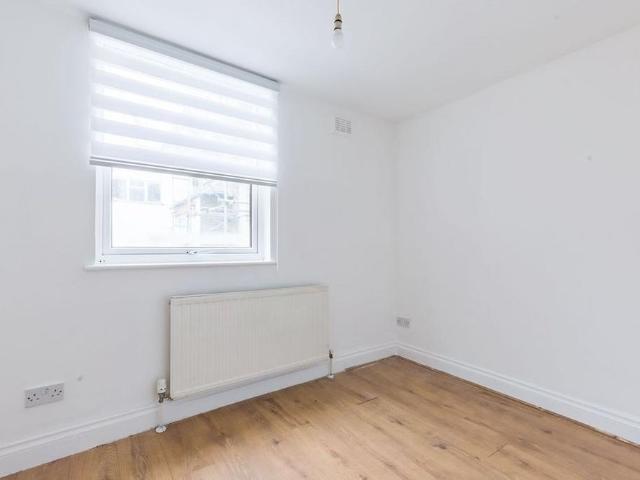 3 bedroom flat to rent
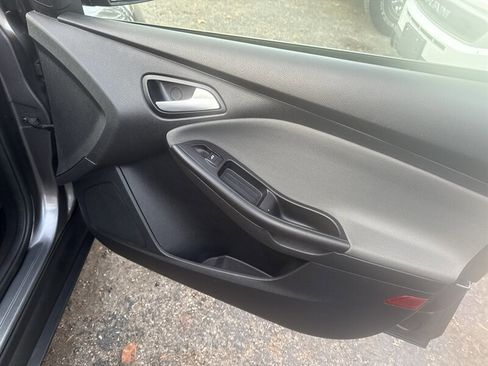 Used 2014 Ford Focus SE image 17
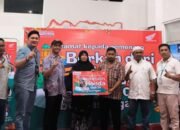 Wujud Apresiasi Honda, Konsumen Trio Motor Pangkalan Bun Raih Hadiah Umroh Berpasangan
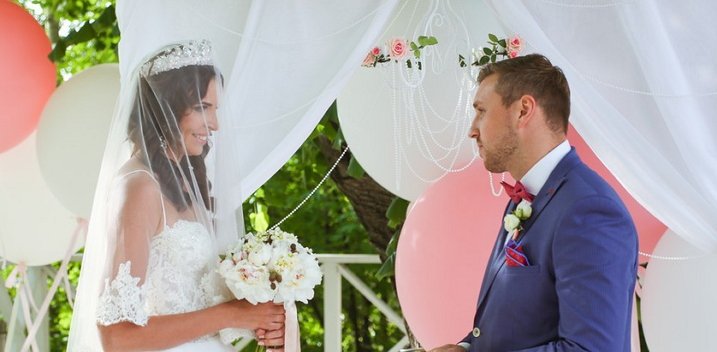 Молодожены Игорь и Элла Трегубенко ходят к психологу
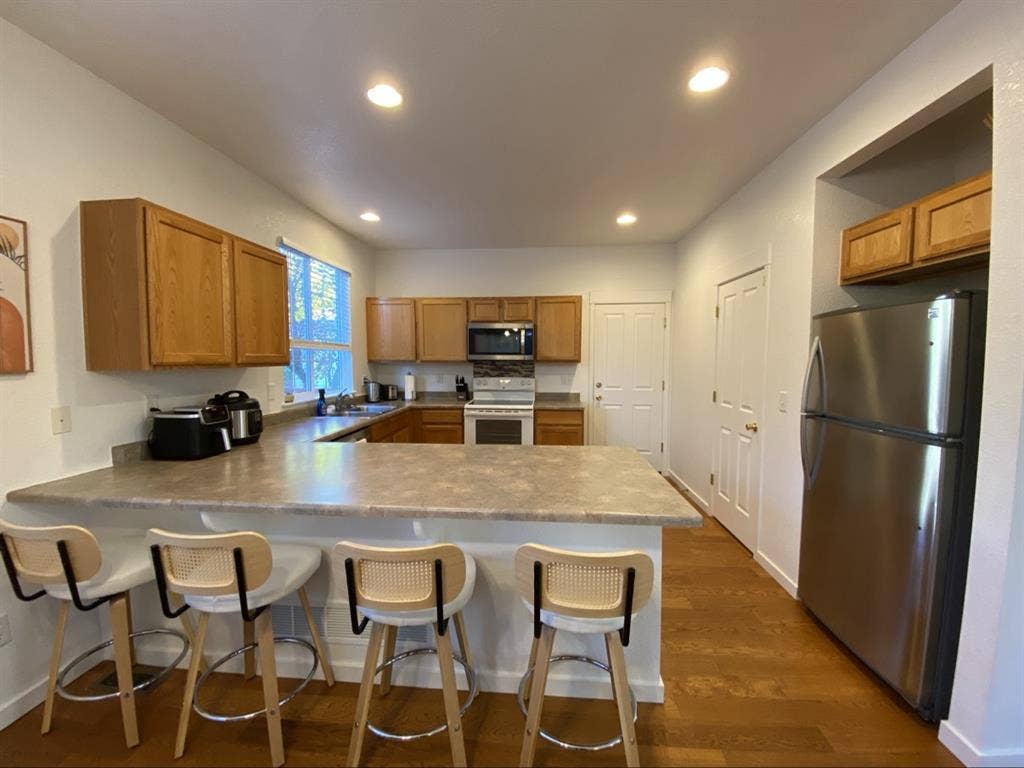 Spacious Bright Room in Broomfield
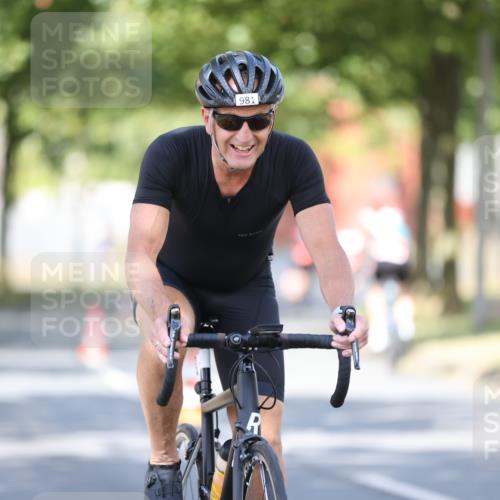 11.08.2024 - GEWOBA Citytriathlon Bremen H.Heesch http://msf.ph/oto/6781916 11.08.2024 11:50:20 Radfahren 915, 929, 981, 992, 1022 meine-sportfotos.de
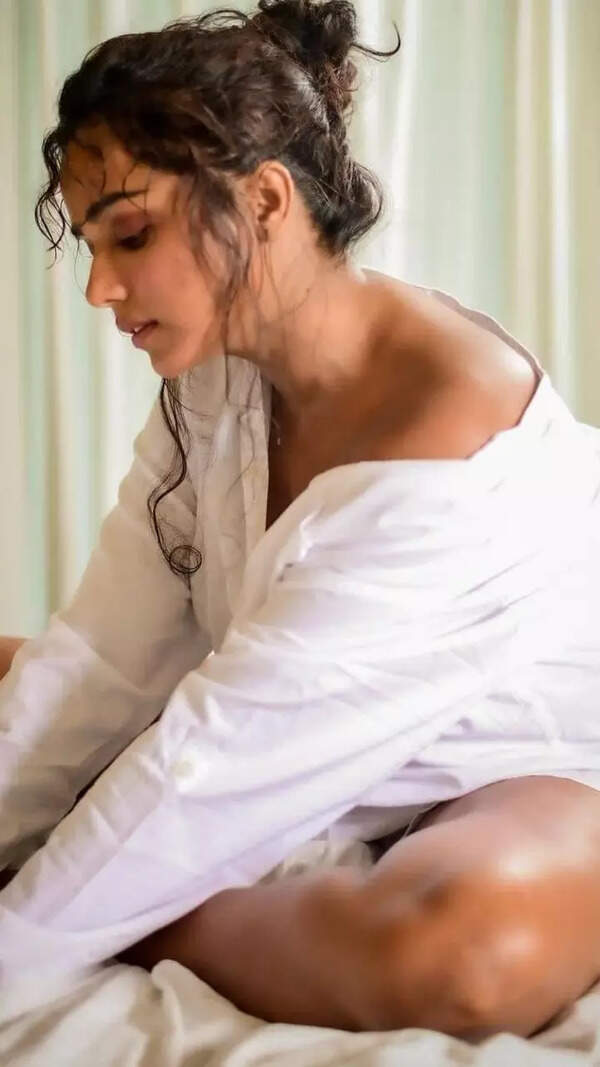Tuhina Das Pictures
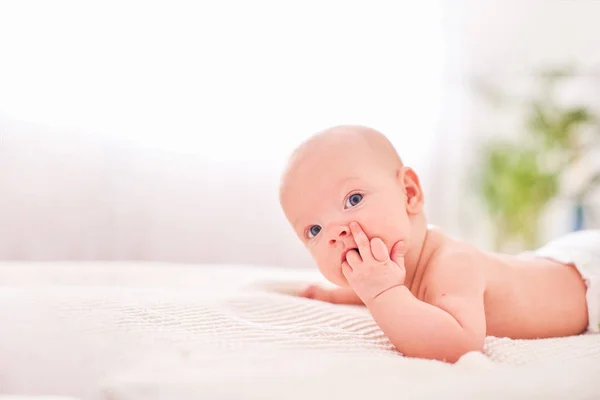 Ağzında eli olan bir bebek. çocuklarda diş çıkarma. emme r — Stok fotoğraf
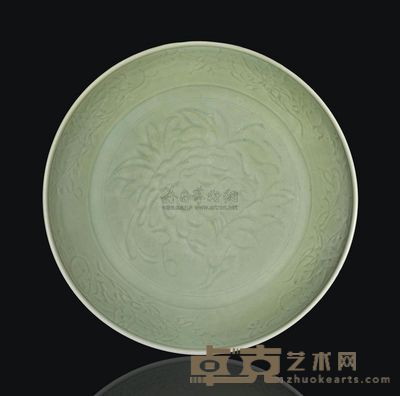 MING DYNASTY，15TH CENTURY A LARGE CARVED CELADON CHARGER 直径49.5cm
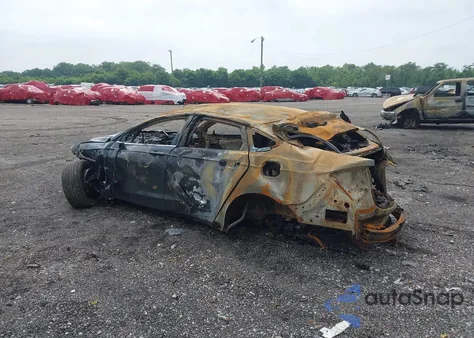 2015 Ford Fusion Titanium z USA, uszkodzony, nr VIN 3FA6P0K91FR250380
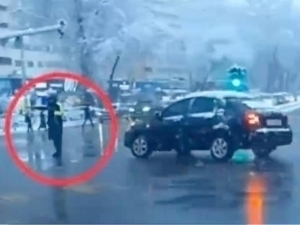 Тошкентда Lacetti ЙПХ инспекторини уриб юборди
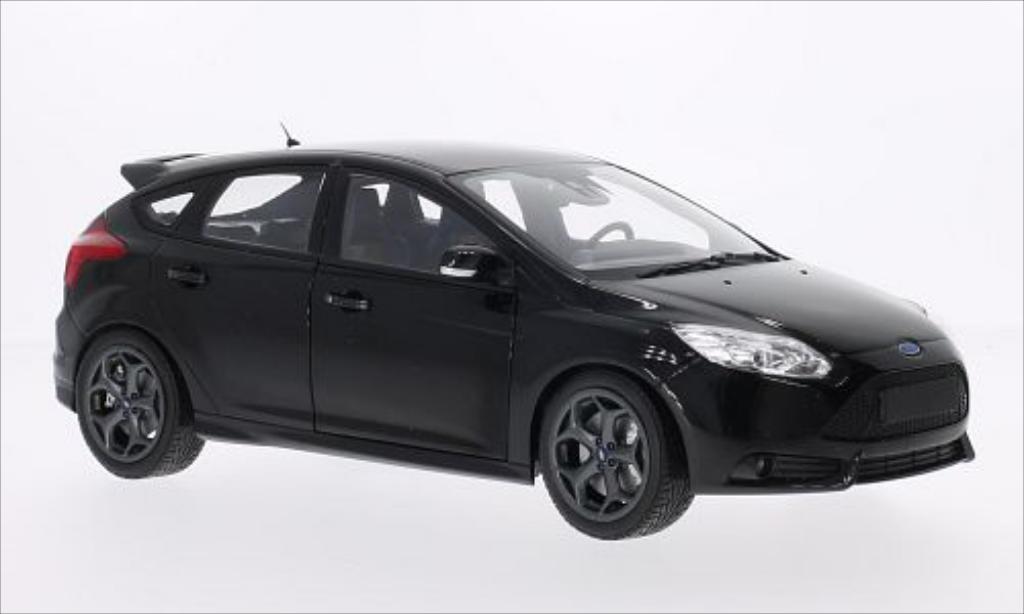 Ford Focus ST 1/18 Minichamps ST metallic zwart 2011 modelauto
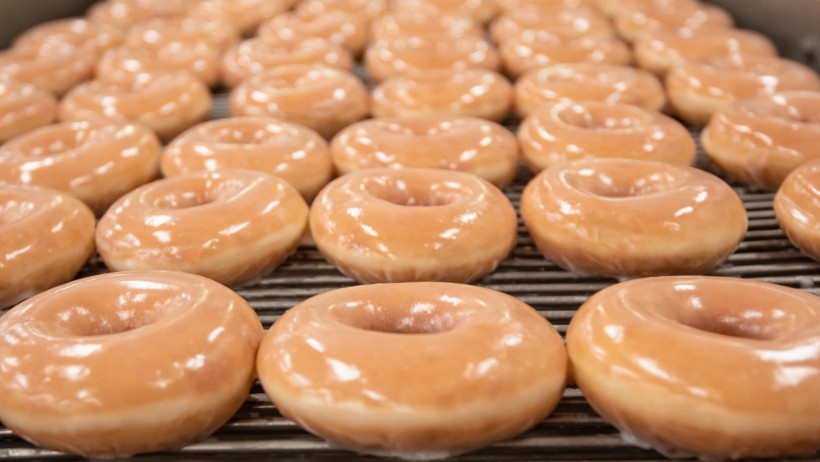 Imagem mostra donuts da marca Krispy Kreme no forno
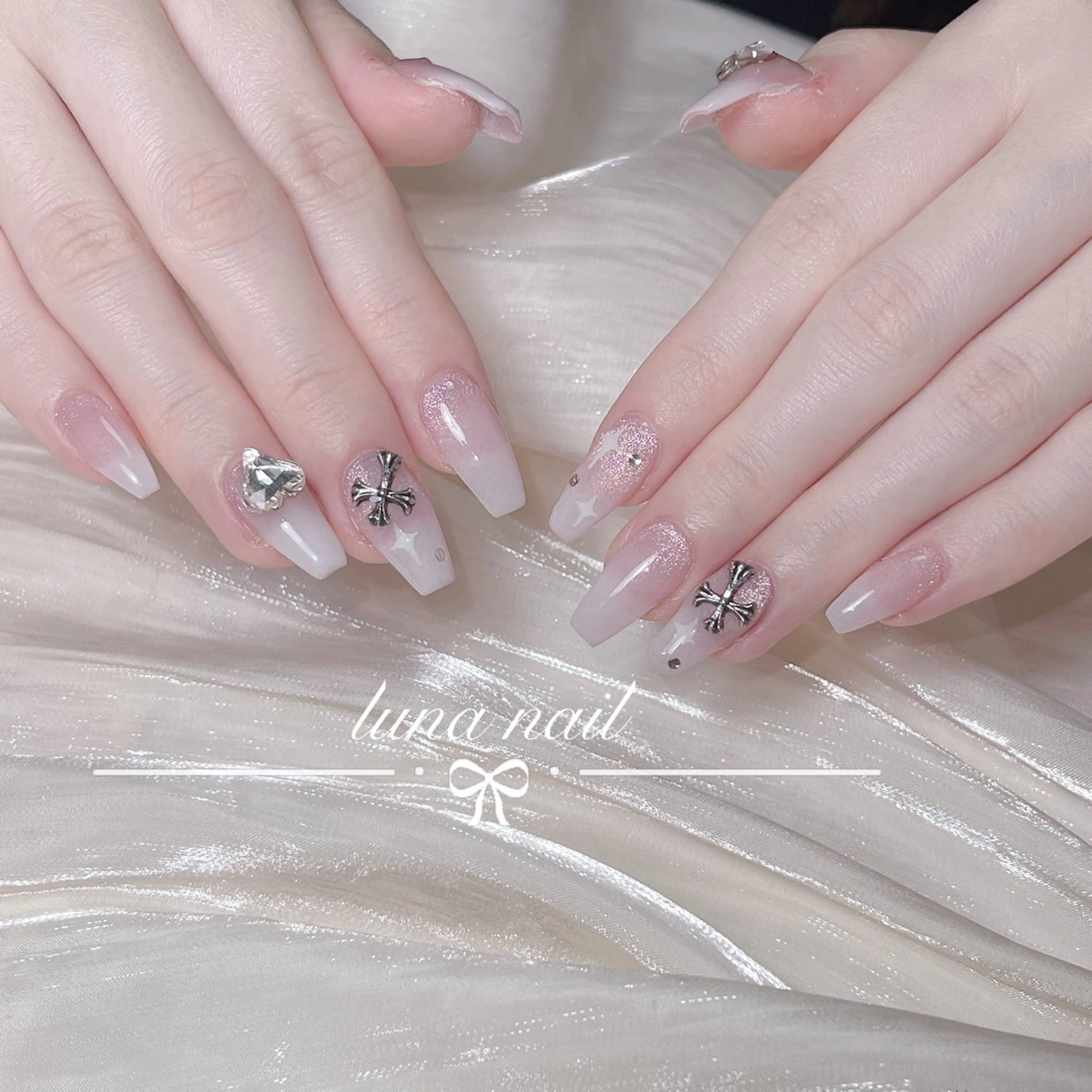 ネイル luna nail ＆eyelashのネイルデザイン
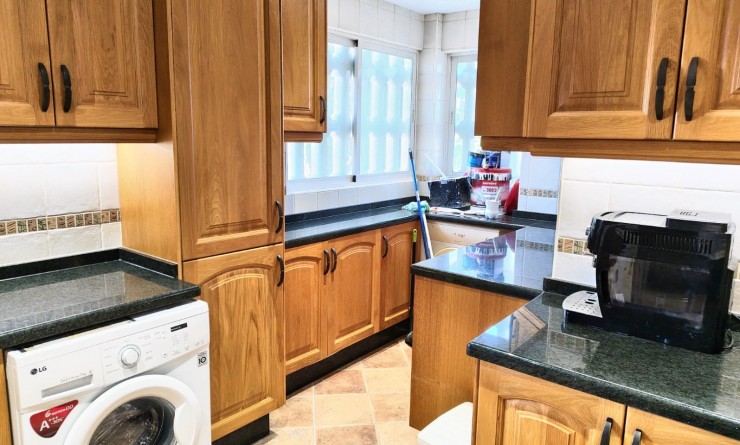 Wederverkoop - Apartment / flat - Benidorm - Zona de Poniente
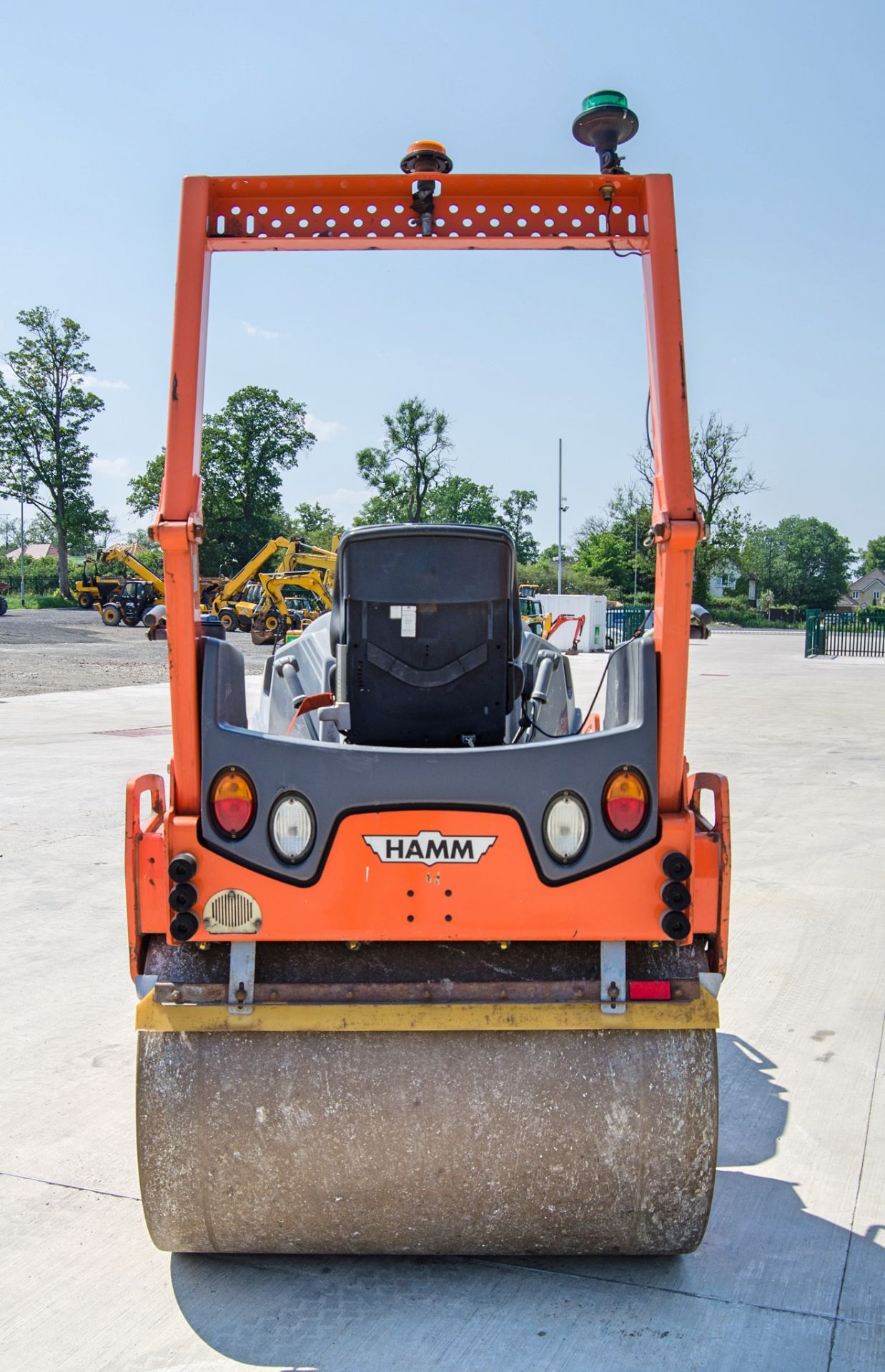 Hamm HD13VV double drum ride on roller Year: 2015 S/N: H2012728 Recorded Hours: 1138 Weight: - Image 6 of 21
-------
# Problem to work on
Restate word for word only the lines from the one with "Wujud Apresiasi Honda, Konsumen" through the last line of the material, both included. Any picture should be left out.

# Answer to this problem
 Wujud Apresiasi Honda, Konsumen Trio Motor Pangkalan Bun Raih Hadiah Umroh Berpasangan
 Молодожены Игорь и Элла Трегубенко ходят к психологу
 Spacious Bright Room in Broomfield
 11.08.2024 - GEWOBA Citytriathlon Bremen H.Heesch http://msf.ph/oto/6781916 11.08.2024 11:50:20 Radfahren 915, 929, 981, 992, 1022 meine-sportfotos.de
Tuhina Das Pictures
 Ağzında eli olan bir bebek. çocuklarda diş çıkarma. emme r — Stok fotoğraf
 MING DYNASTY，15TH CENTURY A LARGE CARVED CELADON CHARGER 直径49.5cm
 2015 Ford Fusion Titanium z USA, uszkodzony, nr VIN 3FA6P0K91FR250380
 Тошкентда Lacetti ЙПХ инспекторини уриб юборди
 Ford Focus ST 1/18 Minichamps ST metallic zwart 2011 modelauto
 Imagem mostra donuts da marca Krispy Kreme no forno
 ネイル luna nail ＆eyelashのネイルデザイン
 Wederverkoop - Apartment / flat - Benidorm - Zona de Poniente
 Hamm HD13VV double drum ride on roller Year: 2015 S/N: H2012728 Recorded Hours: 1138 Weight: - Image 6 of 21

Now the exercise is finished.